I was lucky enough to rub elbows with that world famous author Bob Beers, and his side kick Tom "55" Stumpf. Unfortunately, they don't like having their elbows rubbed.. :tongue: I met some guy named Ed too. :lol:


----------



## Lype Motorsport (Mar 14, 2004)

*No "Slot Gurus", but...............................*

Hi Gang
I havent had any famous "slot gurus" visit *Acmeland Motorsports Park*, yet. However a few 1:1 race guys have visited. Before they passed away, both Smokey Yunick and Bill France Jr, have visited, along with Ray Fox, Marvin Panch, Chocolate Meyers, Steve & Kraig Kinser, some guy nicknamed "Smoke", Buddy Parrot, Ray & RJ Evernham, Bobby & Donnie Allison, and alot of others. :thumbsup: During Speedweeks, lots of the guys come over, especially on a "rain out" nite and we just have some fun. You guys would be suprised about how many "big time" drivers, crew chiefs & car owners play with slot cars when they have a chance.

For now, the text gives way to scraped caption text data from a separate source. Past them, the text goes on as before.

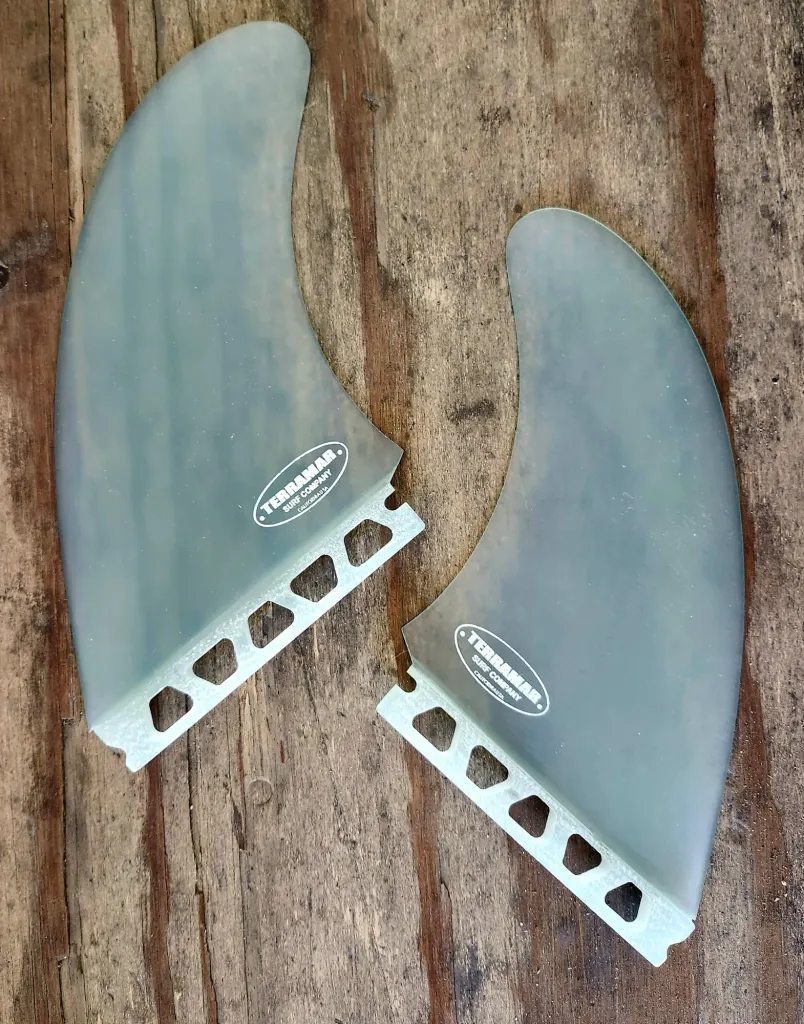 TERRAMAR SURFCO CC ALL GLASS SURFBOARD FINS..SINGLE TAB - Image 2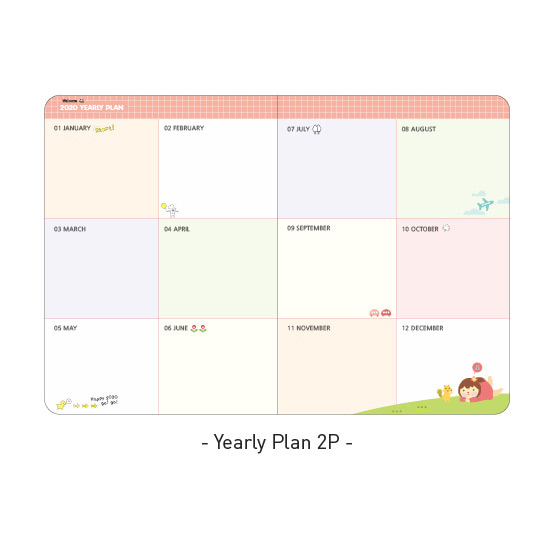 Yearly plan 1 - Ardium 2020 Hello coco dated weekly diary planner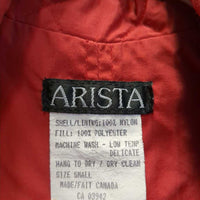 Quilt Vest, zip *gc, older, puckers, rubs, pills
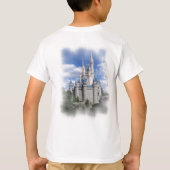 城のTシャツ Tシャツ (裏面)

It was great to have Bill Jr & Smokey come over (albeit never at the same time) and just sit & tell stories, run the cars, and just relax. I guess I'm blessed to have been involved in "big time" racing way before it got "big $ time" and got to know wlot of the guys from "back in the day", along with my own driving & crew member years on the road. 

I even have 4 bar stools from the old "Good Year" building at Daytona, for seats for my 4 lane layout. I got some 8 foot lights from the "old" garages before they tore them down and are in use at Acmeland, too.

Larry


----------



## SwamperGene (Dec 1, 2003)

Most "famous" for me would be Henry Harnish










Most suprising would be Tom Stumpf 










Followed closely by hosting an ECRS race that saw Victor Feliciano come out of retirement (can't find the pics from that one).


----------



## wheelszk (Jul 8, 2006)

Yo and me


----------



## wheelszk (Jul 8, 2006)

And big ED


----------



## SwamperGene (Dec 1, 2003)

wheelszk said:


> Yo and me


ya I forgot...wheelzk...both suprising and famous


----------



## shocker36 (Jul 5, 2008)

I have not had any big time people at my house yet but, the Buck Track I have has had some big time names on it like the Foo Fighters and The Shat (William Shatner)


----------



## tjd241 (Jan 25, 2004)

*Tom Stumpf showed up????*

That beats any of the chumps who raced at my place.... Last year all I had show up were Archbishop Desmond Tutu, David Hasselhoff, and Henry Kissenger.... Good night of racing... That Tutu is unbeatable though... He ain't getting another invite.


----------



## LDThomas (Nov 30, 1999)

*Not in my house...*

I banned Hasselhoff years ago.


----------